The oversight is egregious, according to Markey, because the 16-ounce packages can be screened as easily as carry-on luggage, and by the same machines. With passengers now carrying on bags that weigh 50 pounds or more, most cargo and luggage are the same for screening purposes.

"I can''t help but believe that that is the size of most cargo, and we can screen the bulk of it right now," he said. "It is not a technical issue, it is a cost issue. Both the cargo industry and the Bush administration do not want to spend the extra money to screen cargo, and that combination has made it impossible to give protection to families on commercial planes."

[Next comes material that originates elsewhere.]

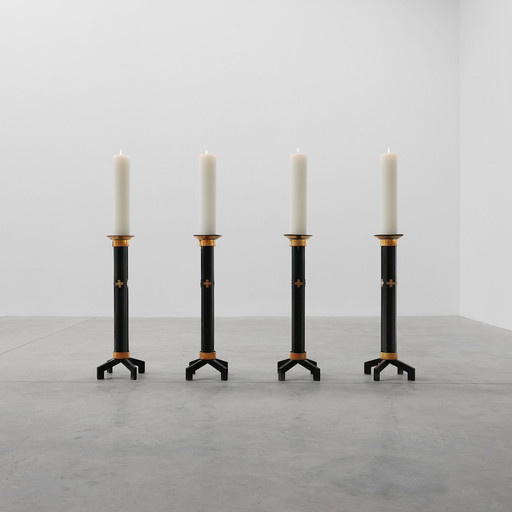 Rare set of 4 very large church candle sticks in black metal and copper, 1960s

The air cargo industry and Markey are at odds over whether the technology currently exists to screen all air cargo. Markey said that the technology exists to screen all cargo, that it is at least as effective as baggage-screening technology and that it is ready to be deployed. He cited recent testimony before the Select Committee on Homeland Security Subcommittee on Infrastructure and Border Security by Rick Stephens, vice president and general manager of homeland security and services for Boeing Co.

"All problems have been worked out with it and it is now a perfected technology," Markey said. "The technology is available, the equipment is tested and a pool of qualified screeners exists."

In his July 23 testimony before Markey''s committee, Stephens didn''t say that technology for screening all air cargo is ready to be deployed, but he suggested that it soon could be developed. Boeing''s skills in developing integrated advanced systems for defense, space and other customers, Stephens testified, "are directly applicable to solving large, complex problems the U.S. faces in its homeland security mission." He said Boeing, working with local, state, federal and industry stakeholders, helped airports meet the U.S. deadline to screen all checked baggage by Dec. 31, 2002, in only 207 days. Within that time frame, Stephens said, Boeing''s project team trained more than 25,000 baggage screeners, surveyed sites, developed final designs, modified facilities and installed more than 6,000 explosive-detection systems at 439 U.S. commercial airports.

Air cargo industry officials have ripped the Markey-Shays amendment as an unfunded mandate, but Markey said the money for screening likely would come from cargo fees and/or taxpayer revenues. Why, for safety''s sake, Markey wants to know, shouldn''t shippers pay 25 cents more per crustacean when shipping 50 pounds of lobster from Boston to restaurants in California? For that matter, why should inanimate objects shipped as cargo not get the same scrutiny as people?

"Each of us pays a small fee when we get on planes now and it is worth it," he said. "If humans have to pay it why should cargo be exempt?"

Some in the air cargo industry fear that Markey''s amendment is the first step towards a total ban on cargo in passenger planes. In his letters to Ridge, Markey seems to embrace the idea. Stating that Ridge had indicated that screening cargo was a "secondary requirement in the Aviation and Transportation Security Act," Markey wrote, "if cargo were not carried on aircraft the issue would lose much of its urgency.

Markey insists he does not want to ban cargo on passenger planes. "My objective is just to see all cargo screened," he said.